Despite a tough business climate in which manufacturers are cutting back spending, data analytics is one area where money continues to flow—in large part to keep it from bleeding out instead through equipment downtime. Manufacturing executives are increasingly recognizing the value that Big Data and the Industrial Internet of Things (IIoT) can bring to their operations, and some two-thirds of them are moving forward with investments in data analytics even as they pare back elsewhere, according to a survey commissioned by Honeywell Process Solutions (HPS).

“Executives need to keep their businesses running smoothly and safely, and they’re banking on IIoT technologies to help navigate challenges, even during cash-strapped times,” said Andrew Hird, vice president and general manager of HPS Digital Transformation.

For the more than 200 North American manufacturing executives surveyed recently by KRC Research, unscheduled downtime was ranked as the top threat to maximizing revenue, with equipment breakdowns also ranking high on the list. And yet they’re feeling the pressure to push their equipment to their limits despite that threat.

Almost half (42 percent) of respondents admitted to running their equipment harder than they should. And they’re paying the price: 71 percent have experienced equipment breakdowns at least occasionally, and 64 percent said the same for unscheduled downtime.

“Running plant equipment harder than appropriate presents a host of issues ranging from equipment breakdowns to potential safety incidents,” Hird said. “Those issues inevitably lead to more downtime, which leads back to lost revenue. It’s easy to see how many companies feel they’re caught in a vicious cycle.”

Thus the value seen from a data analytics program that can help manufacturers move maintenance to a more predictive regime. Most survey respondents agreed that a data analytics program could help reduce occurrences of equipment breakdowns (70 percent), unscheduled downtime (68 percent), unscheduled maintenance (64 percent) and supply chain management issues (60 percent). They also said they believe data can enable well-informed decisions in real time (63 percent), limit waste (57 percent) and predict the risk of downtime (56 percent).

“It’s easy to put that puzzle together—these executives correctly believe data analytics can help them combat the biggest threat they see to business: unscheduled downtime,” Hird said. “This is why they feel it makes sense to continue investing.”

With 68 percent of survey respondents already investing, half of them think their companies are on track with their use of data analytics and 15 percent actually think they’re ahead of the curve.

Of course, data analytics can mean different things to different people—from very simple KPI visualization to predictive maintenance and even on up to true machine learning or high-fidelity process modeling. “While most manufacturers have the ability to gather and analyze critical data from a specific plant or operating unit, many are not doing this on an enterprise level, which is really where the benefit of the IIoT is,” Hird said. “Being able to analyze a large pool of operating data across perhaps dozens or even hundreds of pieces of equipment helps companies better understand risks and proactively take action. That is where the ecosystem of OEMs, technology providers and process licensors that Honeywell is creating makes the difference.

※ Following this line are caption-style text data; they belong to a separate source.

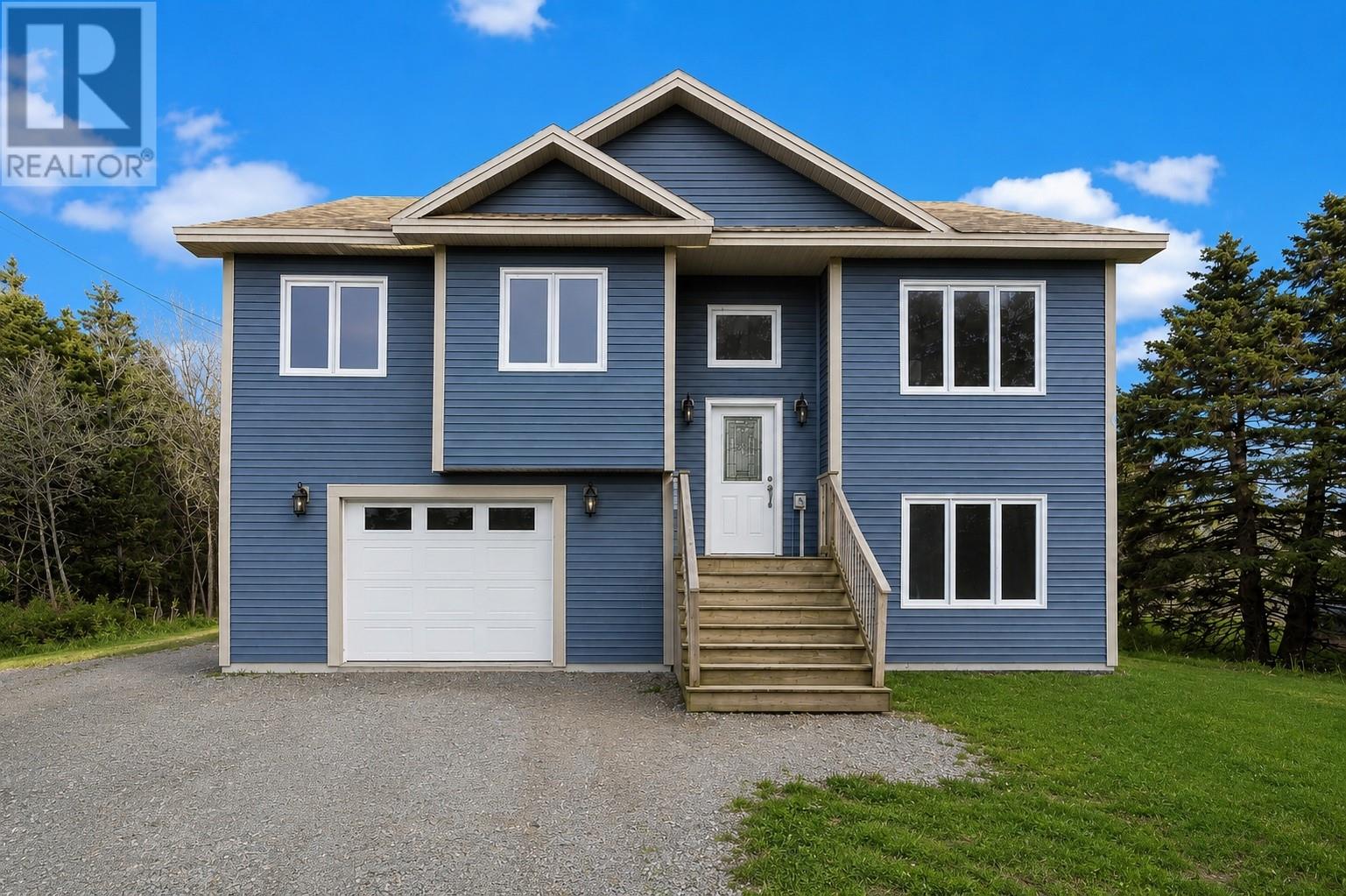 Property cover photo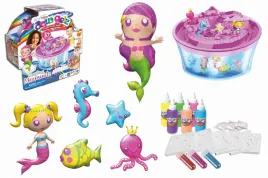 aqua-gelz-glitter-kreatywny-zestaw-brokatowe-kolorowe-zele-magiczne-syrenki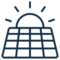 solar-cell2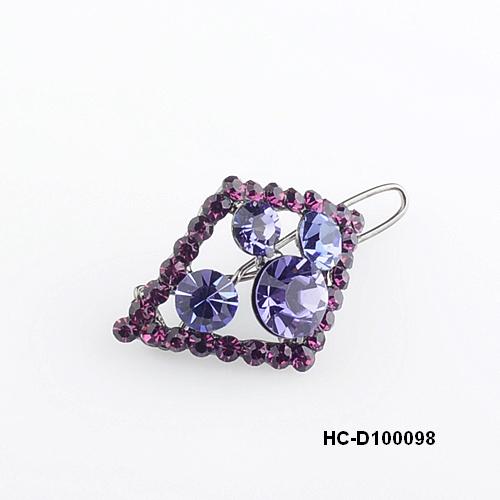 HC-D100098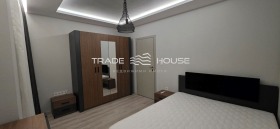 ����� ���� ��� ���� 3-�����,���� �������, ����� �����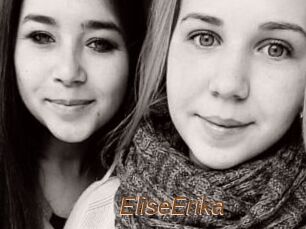 EliseErika
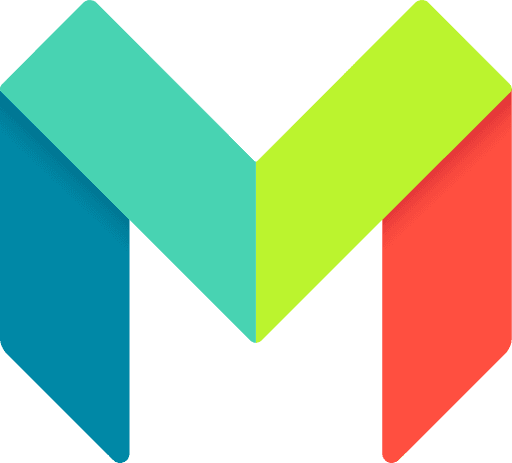 Monzo logo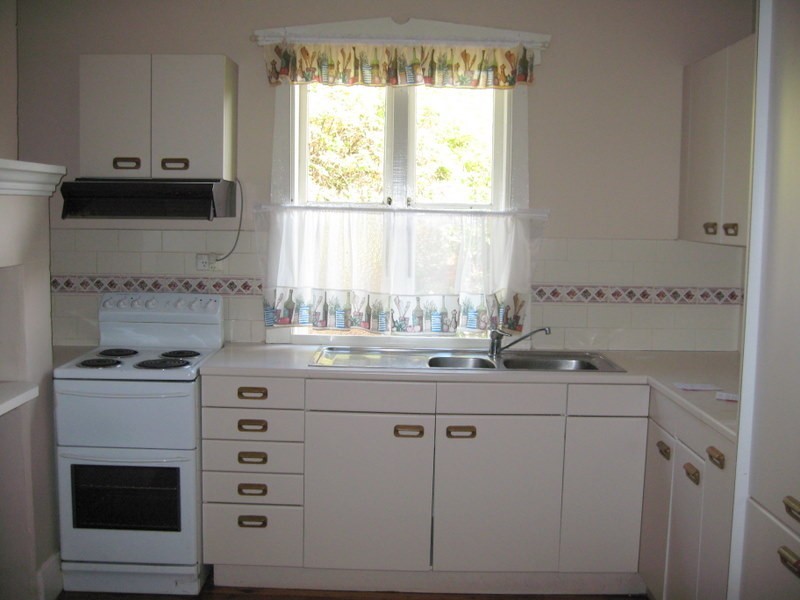 15 Cecile Street, Parkes NSW 2870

These proactive actions will help us solve manufacturing problems that were previously considered unsolvable and improve drastically in areas such as process reliability, supply chain integration and production efficiency.”

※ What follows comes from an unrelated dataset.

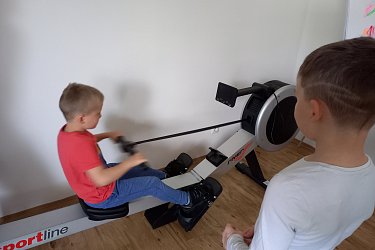 Obrázek č.4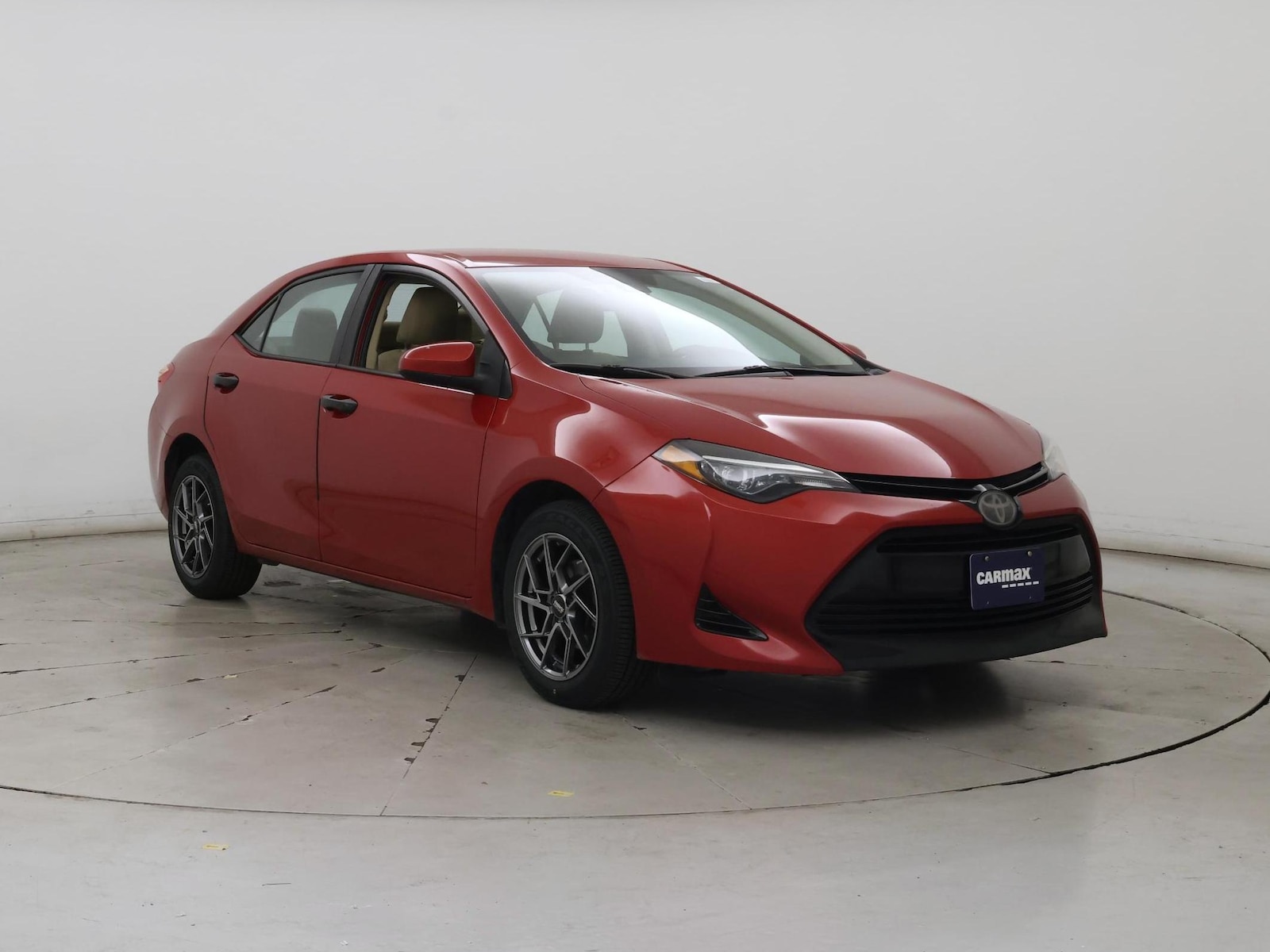 toyota corolla 2018 2T1BURHEXJC082408 image toyota corolla 2018 2T1BURHEXJC082408 image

And yet not everyone is sold on the benefits of data analytics. Although the majority of survey respondents are already investing and/or planning to increase their investments in data analytics in the coming year, about a third said they are not currently investing in data analytics. Of those who have no plans to invest, 61 percent believe their organizations already have systems in place to ensure safety, yield and success; and 45 percent said their companies have seen some growth without data analytics.

In many cases, respondents either don’t fully understand the benefits of Big Data (42 percent), or they think that the benefits have been overstated (35 percent). But in other cases, they just don’t feel they have what it takes to get started—63 percent said they don’t have the resources and 39 percent said they don’t have the right staff to make the most of data analytics.

It’s not just the size of the company that might make the difference in feeling like they have a handle on data analytics. “There are a number of companies that have invested in data analytics and also hired data scientists,” Hird said. “There are many more companies that have not made those investments because of other business priorities.”

Regardless of the reasons, hurdles are not difficult to overcome, according to Hird. “The good news is that IIoT is something that doesn’t require a wholesale change—it can be phased and scaled depending on an individual company’s circumstances,” he said. “This is precisely why Honeywell says IIoT represents an evolution, not a revolution.”